Nella banalità, come sottolinea Germana Tappero Merlo nel suo articolo (Uccisa in un attentato a Mosca la figlia di Aleksandr Dugin in https://www.laportadivetro.org/wp-content/uploads/2022/08/model_gtm2-copia.pdf), e soprattutto nella superficialità, rischiano di precipitare i commenti su Aleksandr Dugin, colpito negli affetti per la morte della figlia Darya, vittima di un attentato alla periferia di Mosca, nelle vicinanze del villaggio di Velyki Vyazomi. Le informazioni, tutte risucchiate dall'ipotesi che l'attentato fosse diretto ad Aleksandr Dugin, scampato alla morte per una fortunata combinazione del destino nel decidere all'ultimo momento di usare un'altra vettura per il rientro nella capitale russa, fanno baricentro sul considerare il filosofo russo l'ideologo di Putin.


In effetti, si tratta di una forzatura, anche se sono numerosi i punti di contatto tra la costruzione ideologica (estremamente affascinante) di Dugin e il pragmatismo dell'autocrate del Cremlino. Un esempio arriva da Michel Eltchaninoff, 53 anni, francese di origine russa, docente alla Sorbona, ora caporedattore di Philosophie Magazine, che nel suo libro "Nella testa di Putin" (edizioni e/o) pur destrutturando pezzo dopo pezzo la tesi dell'influenza di Dugin sul presidente russo, offre al contempo un ritratto esemplare della complessità della società russa e di conseguenza degli uomini al potere e sulla evoluzione del sistema russo e della sua collocazione sullo scacchiere mondiale.
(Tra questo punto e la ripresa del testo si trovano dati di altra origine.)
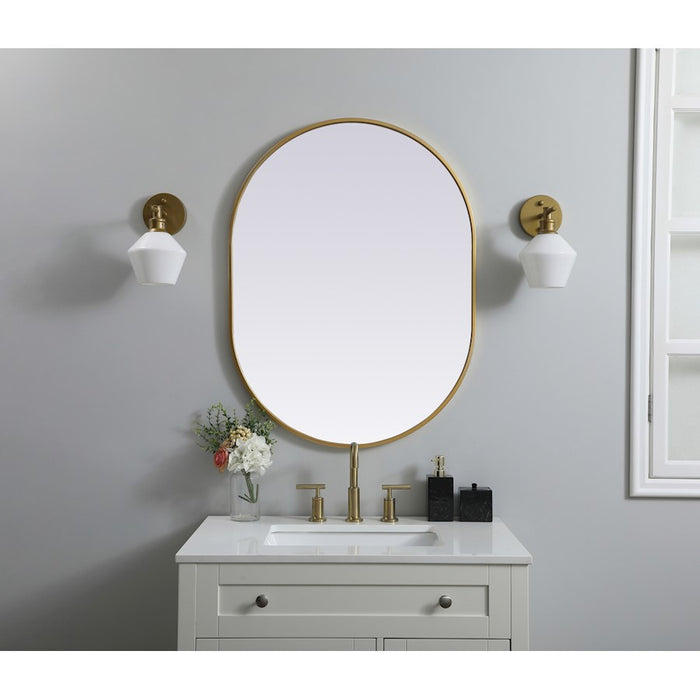 Elegant Decor Asha Metal Frame Oval Mirror 27X36", Brass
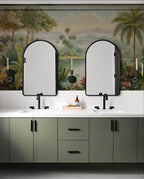 Tropical Lake Landscape Wallpaper : Vintage Botanical Palm Mural - View 2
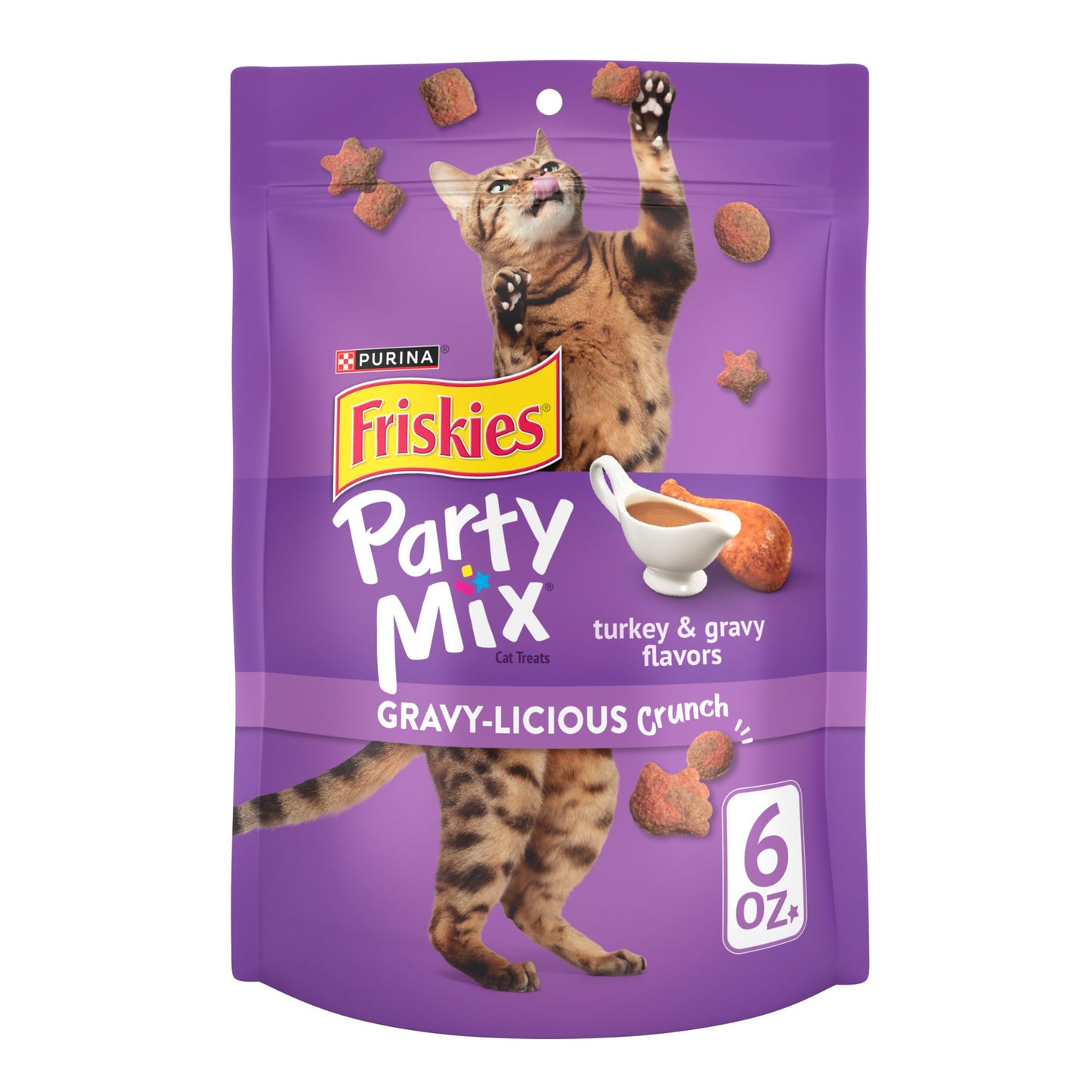 Purina Friskies Cat Treats, Party Mix Seafood Lovers Crunch - (Pack of 6) 6 oz. Pouches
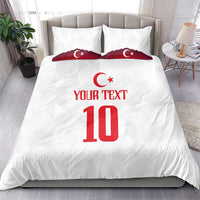 White duvet set with Turkey flag pillows, YOUR TEXT, and red number 10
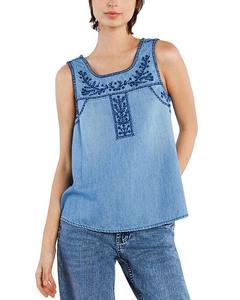 Топ с цветочной вышивкой Billy T, синий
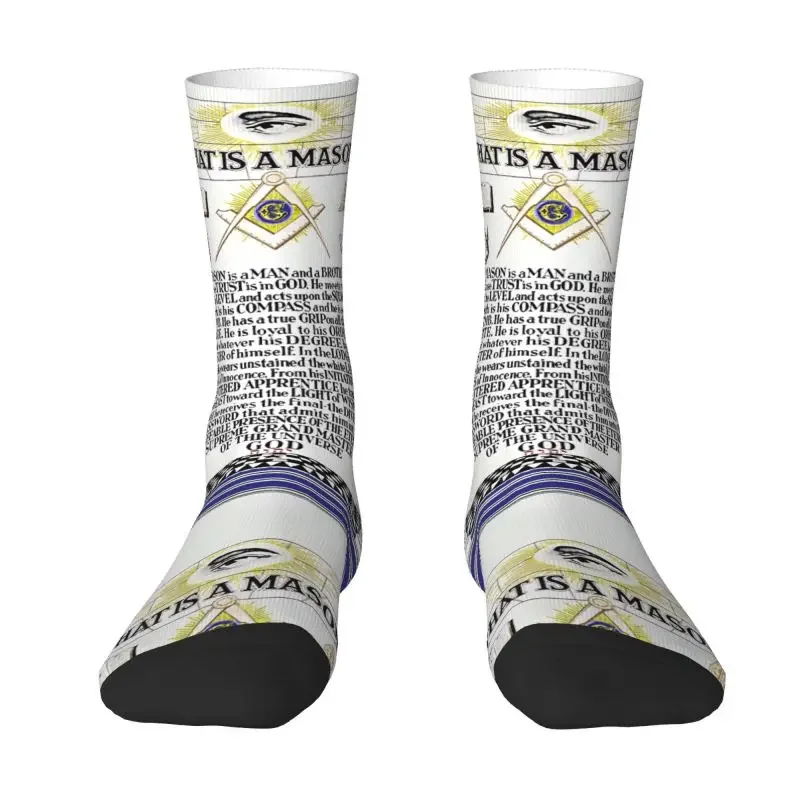 

Harajuku What Is A Masonic Mason Socks Мужчины Женщины Теплые 3D-печатки POEM Master Mason Масонство Спортивные футбольные носки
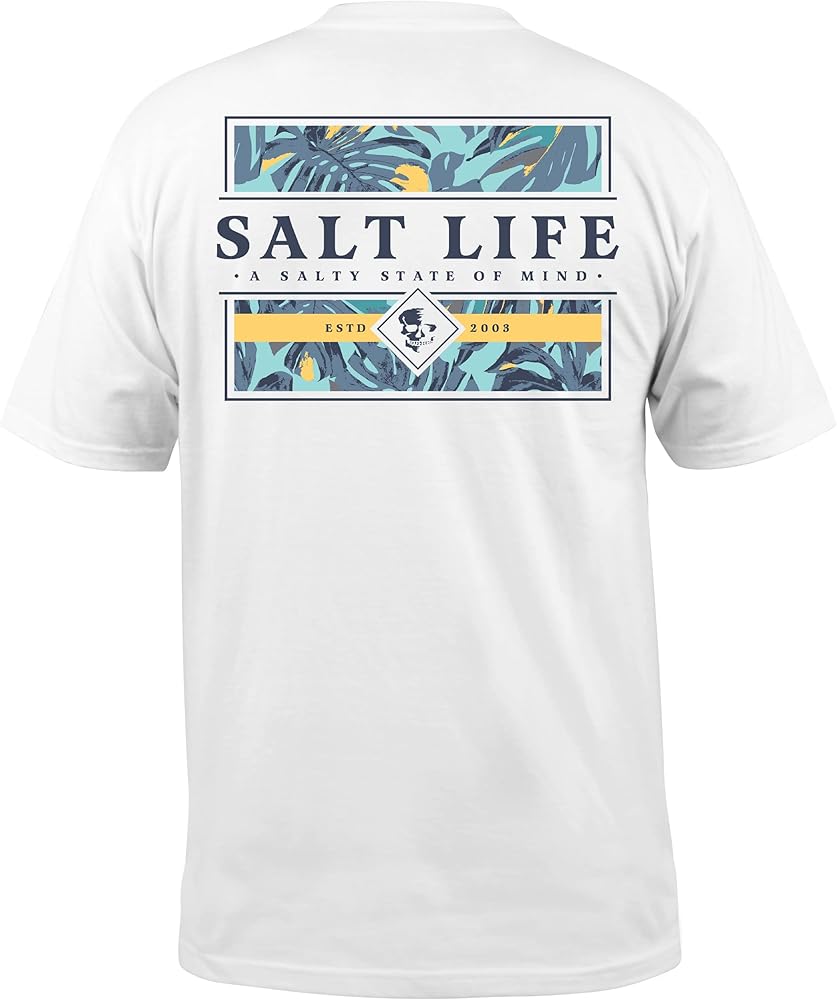 Salt Life Lounge Life Short Sleeve Classic Fit Shirt, White, Medium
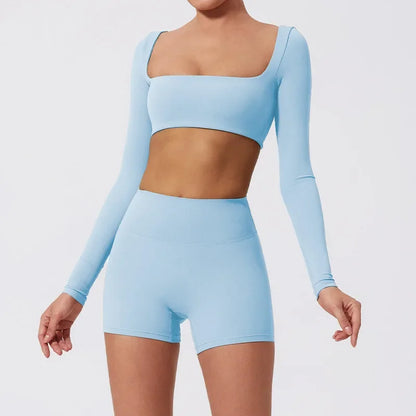 Conjunto de 2 piezas de yoga y running cepillado para mujer, sujetador deportivo y leggings para gimnasio, fitness al aire libre, traje de entrenamiento elástico y transpirable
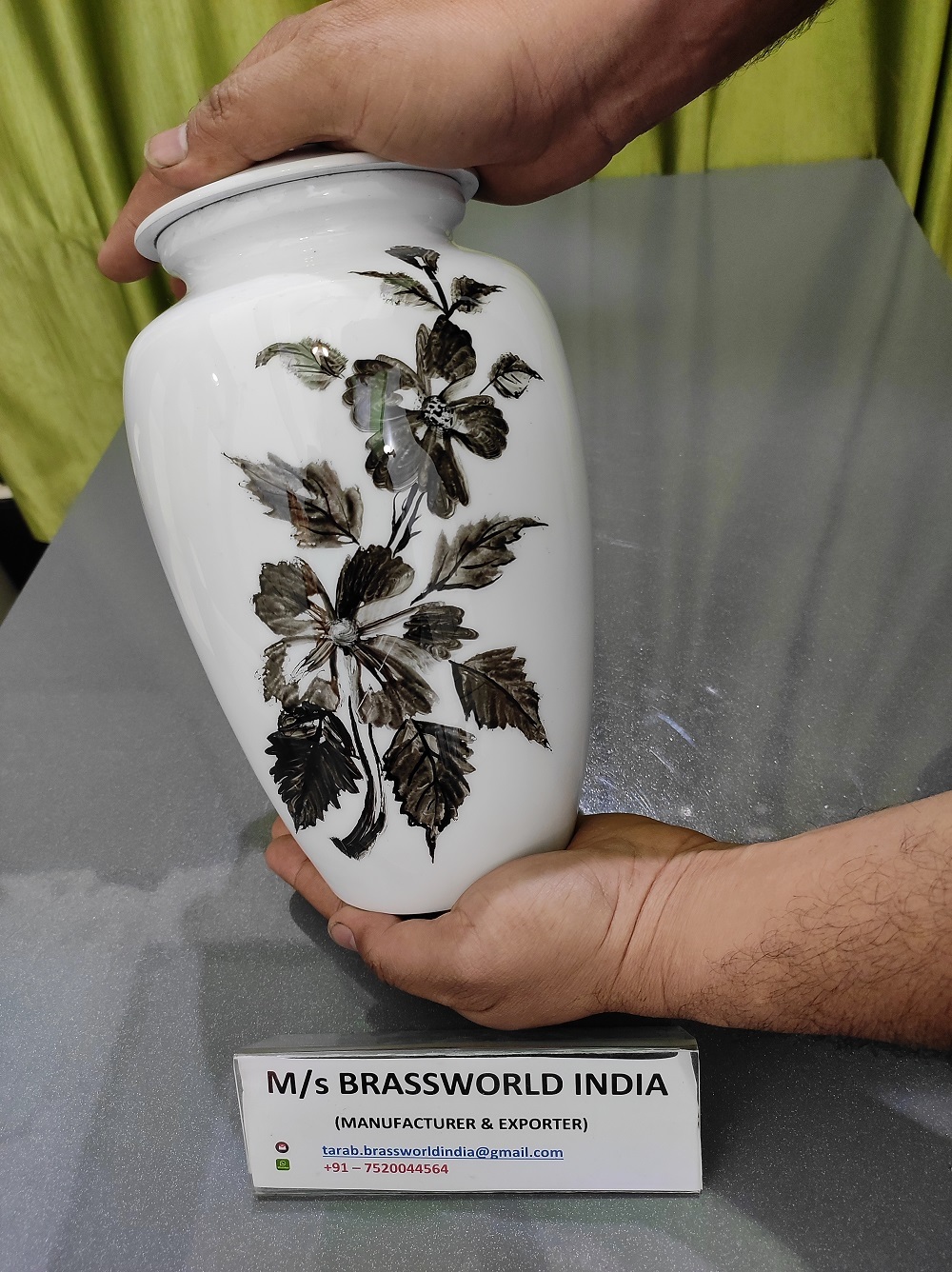 Aluminum Pearl 10 Inches Hand Painted Cremation Urn Funeral Supplies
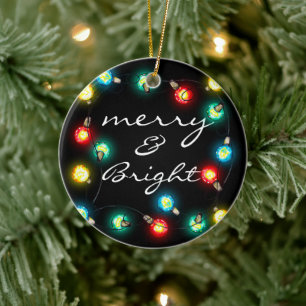 Merry & Bright Ornament - Christmas Lights Decor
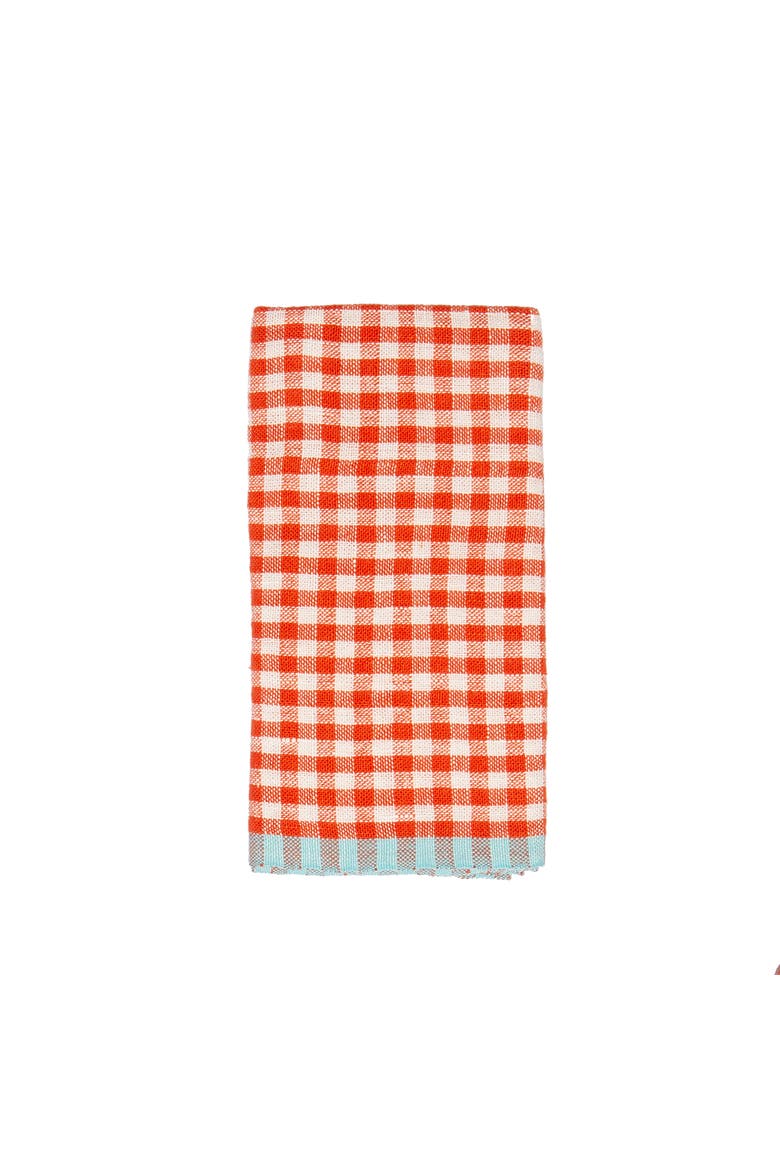 Gingham Towels  - Set of 2, Alternate, color, Orange/Aqua 20" x 30"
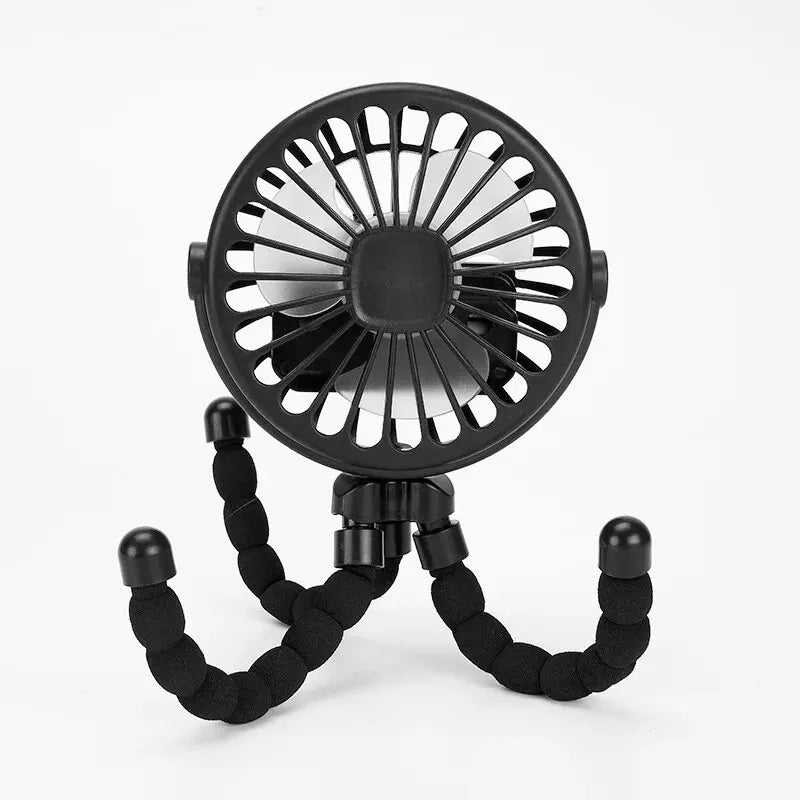 Showlu Portable Octopus Mini Fan, USB rechargeable stroller fan with flexible arms, perfect for keeping babies cool on the go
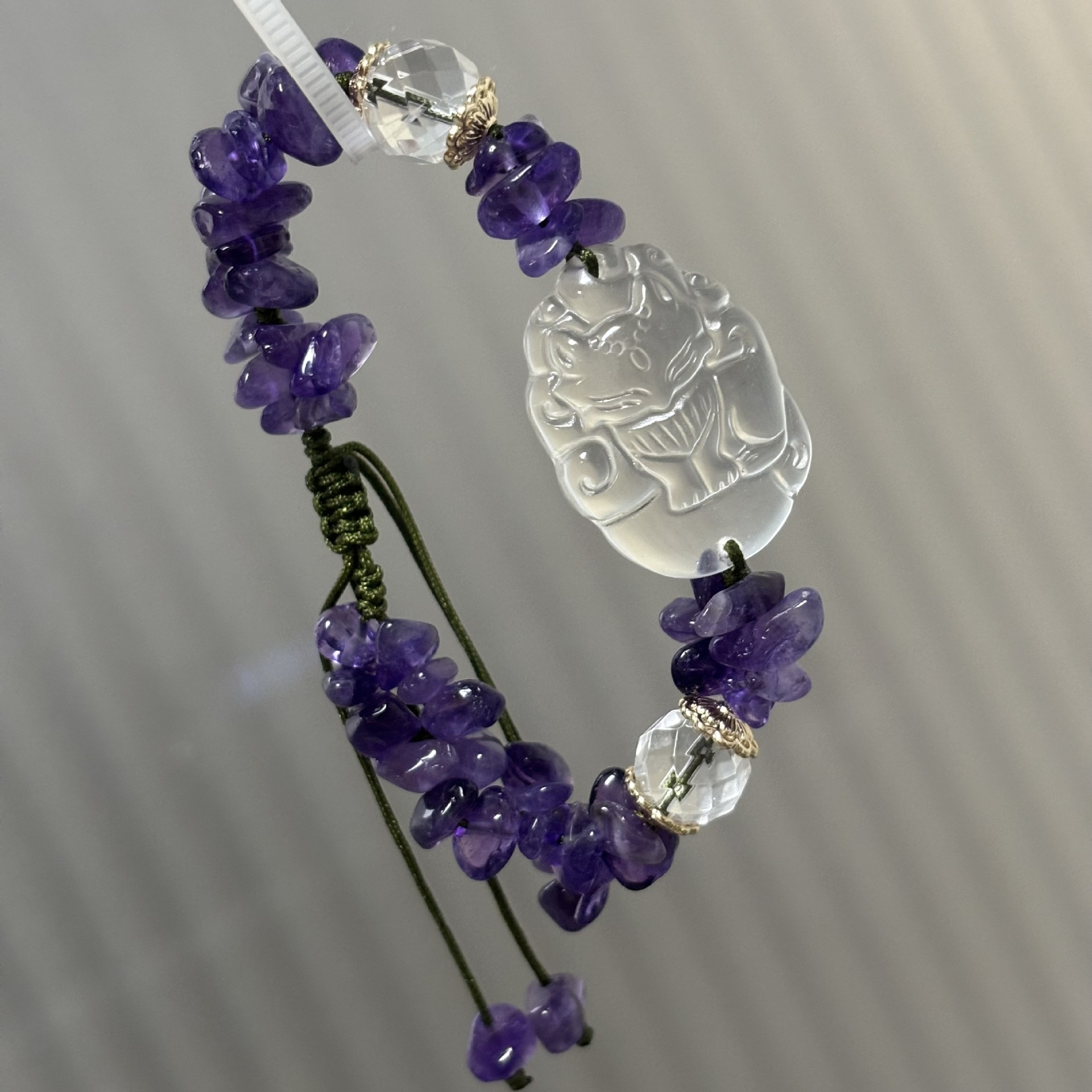 紫水晶　白菜　置物 MINAMI 22910 / 紫水晶(L2) 7mm玉片手 共仕立 正頭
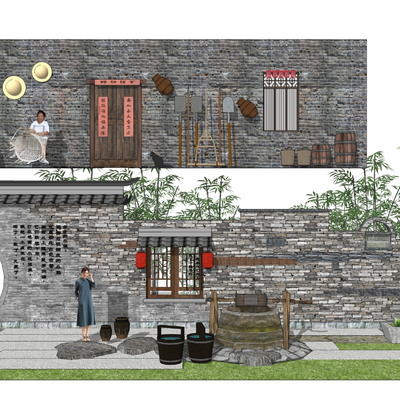 新中式乡村民俗文化景墙标识墙su模型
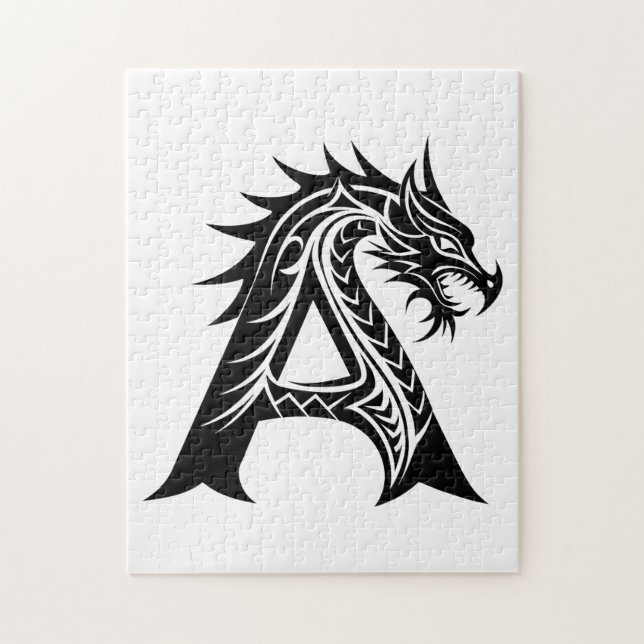 Drache gestalteter Buchstabe A, Drachenalphabet, M Puzzle (Vertikal)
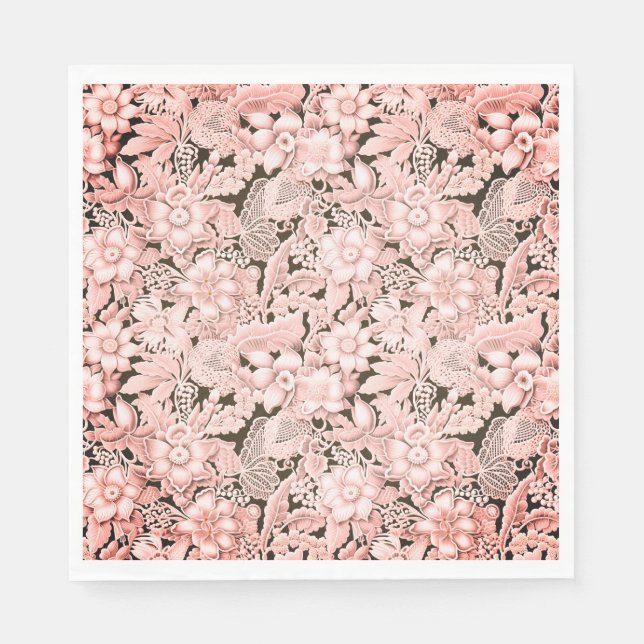 Wedding Lace Pink Vintage Napkin (Front)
Una complessità politica, economica e soprattutto ideologica, oscurata per decenni dall'informazione di un Occidente proteso a denunciare (e a cullarsi) con estrema soddisfazione limiti e deficit della società russa seguiti al crollo del regime sovietico, per poi annacquare sempre o nel gossip o nella svalutazione la formazione dei nuovi gruppi dirigenti (oligarchi inclusi) del Cremlino. Un disegno che si poneva di raggiungere il doppio fine di ridimensionare da un lato il presente (Eltsin, poi Putin), dall'altro di eternizzare la Russia nel girone delle potenze di serie B, retrocessa dal rango di superpotenza assunto in quasi mezzo secolo di Guerra fredda.


Un errore di valutazione e di prospettiva grave, con effetti deleteri sotto gli occhi di chiunque, a cominciare dagli accordi internazionali ed economici sulle forniture di gas che oggi strozzano l'Europa e che conferiscono una valenza dichiaratamente ideologica, attraverso il potere nella gestione e distribuzione delle fonti di energia, alla strategia geopolitica del Cremlino.


In tutto questo, i vari Dugin russi sono complementari, una sorta di supporto teorico, alla visione putiniana del mondo che nella sostanza è un'ideologia in essere, agita e operativa, da almeno un decennio.